Very Tricky, Alfie Atkins
- Author: Gunilla Bergström
- Original title: Aja baja, Alfons Åberg
- Translator: Elisabeth Kallick Dyssegaard
- Illustrator: Gunilla Bergström
- Cover artist: Gunilla Bergström
- Language: Swedish
- Series: Alfie Atkins
- Genre: children
- Published: 1973
- Publisher: Rabén & Sjögren
- Publication place: Sweden
- Published in English: 2005
- Preceded by: Good Night, Alfie Atkins (1972)
- Followed by: Raska på, Alfons Åberg (1975)

= Very Tricky, Alfie Atkins =

1973 children's book by Gunilla Bergström

Very Tricky, Alfie Atkins (Aja baja, Alfons Åberg) is a 1973 children's book by Gunilla Bergström. Translated by Elisabeth Kallick Dyssegaard, it was published in English in 2005. As an episode of the animated TV series it originally aired over SVT on 4 January 1980.

==Book cover==
The book cover depicts Alfie Atkins, climbing out of the wooden helicopter in the jungle.

==Plot==
Alfie is 5 years old, and likes it when his father plays with him. His father keeps his toolbox in the wardrobe, but Alfie is not allowed to use it, because the saw is dangerous. Instead, Alfie enjoys playing with his cat Puzzle.

Some days Alfie's father sits alone reading the newspaper and watching TV, not caring much for what Alfie does. When Alfie asks for the toolbox he is allowed to use it, as long as he watches out for the saw.
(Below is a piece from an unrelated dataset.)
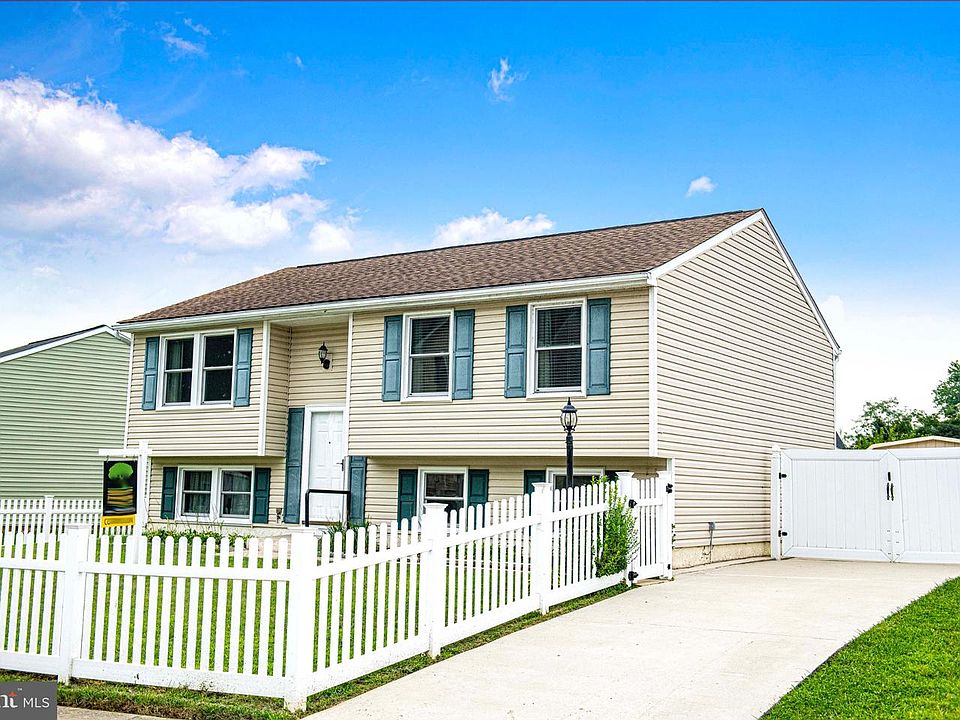 1st image of 303 Brittany Dr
Alfie brings the toolbox and planks. His father continues to read and tells him not to use the saw. Alfie works with the tools and only the sound of the hammer is heard. Alfie builds a helicopter and imagines himself travelling over the jungle at night, under the Moonlight. Puzzle turns into a lion and runs right towards Alfie. Alfie yells that he needs the saw and his father looks to see what is happening. He now joins his son in the game. They pretend to travel away watching boats, cars, planes and clouds from the sky, before landing in the living room.

When the TV news begins, Alfie's father wants to watch. Alfie pretends to be stuck between the planks and his father says he maybe needs to use the saw to break him free. Alfie admits he was just pretending to be stuck and it is not necessary to use the saw. Alfie is happy that his father played with him.